- Task goal -
Instruction for the entries below: return the part that opens with the line containing "Osuna's Biology Midterm Review" and closes with the line containing "folyami hajó, bangkok térkép", exactly, and no pictures.

(The data)

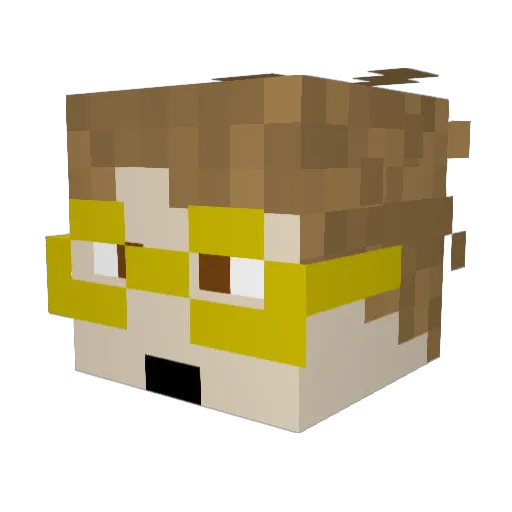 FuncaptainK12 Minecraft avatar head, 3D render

(End The data)
(The data)

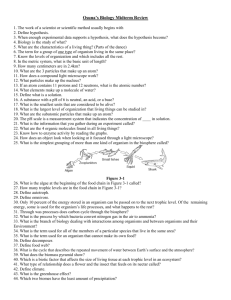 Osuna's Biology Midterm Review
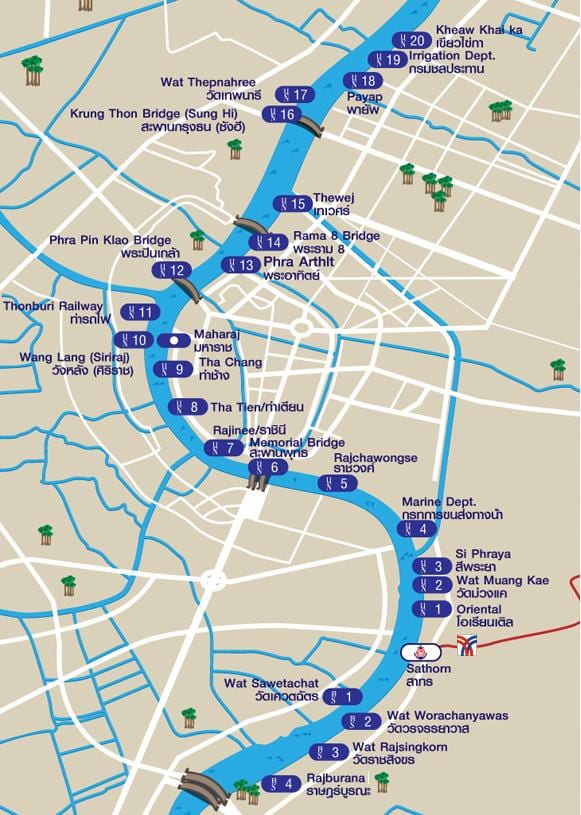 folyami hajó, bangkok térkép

(End The data)

- Reply to the exercise -
 Osuna's Biology Midterm Review
 folyami hajó, bangkok térkép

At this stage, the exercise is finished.